Brooke Gladstone, co-host of the excellent NPR-syndicated "On the Media," has teamed up with illustrator Josh Neufeld to produce a fantastic nonfiction comic book called The Influencing Machine: Brooke Gladstone on the Media. This is one of those books that feels like the author has been working up to it for her whole life, distilling all her varied experience and insight into one mind-opening, thought-provoking, and incredibly timely volume.
Influencing Machine begins with a history of the news, starting with Mayan scribes, Herodotus, and Julius Caesar's Acta Diurna (the original syndicated newsheet and the first widely distributed sensationalist tabloid), and then to the Anglo-American history of news, propaganda, bias, lies, censorship, bravery, principle, and truth. This fascinating history serves to introduce the major thesis of Influencing Machine: that the "media machine" that cynically distorts in order to serve the rich and powerful is a delusion. The reality is that the "media agenda" is an emergent phenomenon that arises spontaneously from commercial constraints, human frailty, state interference, and cognitive blindspots.

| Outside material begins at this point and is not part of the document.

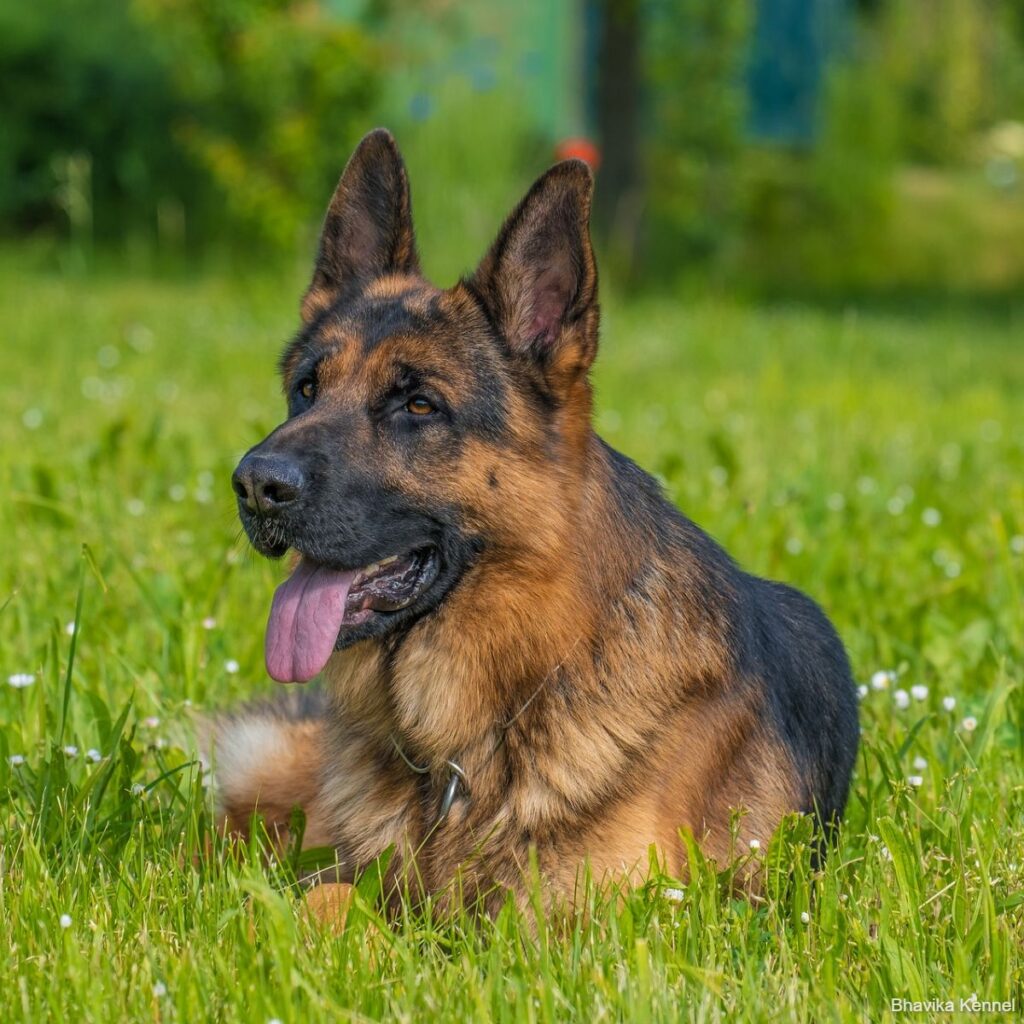 German Shepherd Puppy Price In Delhi Bhavika Kennel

Gladstone's history of the best and worst of journalism is a prelude to an analysis of the present day, and the peculiar moment we inhabit, as partisan news — once the dominant form of publishing, but long discredited and dormant — begins to arise, just as the Internet is changing the way that news is gathered, reported, and analyzed and paid for. Gladstone makes a good case for the idea that total upheaval is actually pretty normal in the world of news, and even if this total upheaval is a bit more total than all the other ones, the apocalyptic story of the death of journalism is overstated, as is the evil nature of the Internet as a sapper of critical thought and sustained attention.
Touching on everything from the impossibility of impartiality to the practical way to address bias, from copyright law to business models, from sensationalism to complicit silence, Gladstone and Neufeld's Influencing Machine is an absolutely spectacular read: serious without being weighty, accessible without being thin. It's one of those graphic nonfiction volumes, like Understanding Comics, that shows just how well suited comics are to explaining and exploring serious subjects.